# Buying first semi auto handgun, soa, doa, da/sa, dak.....and all the manufacturers



## mbrown202 (Jan 20, 2012)

I know how to handle a gun and shoot, I have not had a gun since and old 32 30 years ago. I want the gun to range/target shoot and for home safety.

HELP.....


----------



## VAMarine (Dec 25, 2008)

*http://www.handgunforum.net/general-semi-auto/21926-trigger-types-defined-explained.html

http://www.handgunforum.net/general-semi-auto/22239-selecting-handgun-self-defense.html*

*http://www.handgunforum.net/general...selecting-handgun-defense-pt-2-revolvers.html

http://www.handgunforum.net/sig-sauer/22606-sig-model-reference-guide-end-2009-a.html
*
*http://www.handgunforum.net/general...-reference-guide-revised-2009-12-26-long.html*


----------



## mbrown202 (Jan 20, 2012)

excellent, very informative. I like the ease of a Glock but worried the trigger system is not as safe as a 1911.


----------



## VAMarine (Dec 25, 2008)

mbrown202 said:


> excellent, very informative. I like the ease of a Glock but worried the trigger system is not as safe as a 1911.


A properly maintained and functional firearm is perfectly safe as long as the one handling the gun is being safe. I have no issues with Glock triggers/actions but do prefer a manual safety, mostly as that it what I'm used to. There are many good options similar to Glocks that have a manual safety of some sort.

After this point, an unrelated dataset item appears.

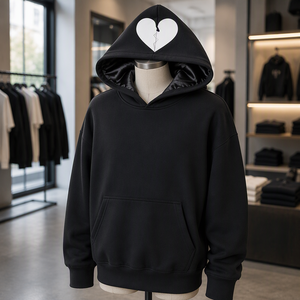 Custom Satin Lined Hoodie Blank Pullover <b>Sweatshirt</b> Contrast Trim for Streetwear - Product Image 3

The S&W M&P with thumb safety is generally what I recommend for those looking for a "Glock-like" polymer gun with a manual safety.


----------



## mbrown202 (Jan 20, 2012)

thanks, i will look at one. I really appreciate your offering your expertise, and all the info on manufacturers


----------



## chessail77 (Mar 15, 2011)

Take a good look at a Sig SP2022, many believe is the best kept secret in firearms, also; the S&W m&p mentioned above is also an excellent choice. Both have a lifetime warranty and excellent CS......JJ


----------



## denner (Jun 3, 2011)

VAMarine said:


> *http://www.handgunforum.net/general-semi-auto/21926-trigger-types-defined-explained.html
> 
> http://www.handgunforum.net/general-semi-auto/22239-selecting-handgun-self-defense.html*
> 
> ...


Should be mandatory reading for anyone getting into firearms and concealed carry. It would save alot of recurrent "what do you think, or what should I get post's".


----------



## dondavis3 (Aug 2, 2009)

Great info VAMarine as usual :mrgreen:

I second the Sig P2022 - it's a great gun IMHO










You might also look at the Beretta PX 4 - wonderful gun










And then the FNX 9










All three are DA/SA guns - I like hammer fired guns compared to striker fired guns.

All 3 are high quality guns..

:smt1099


----------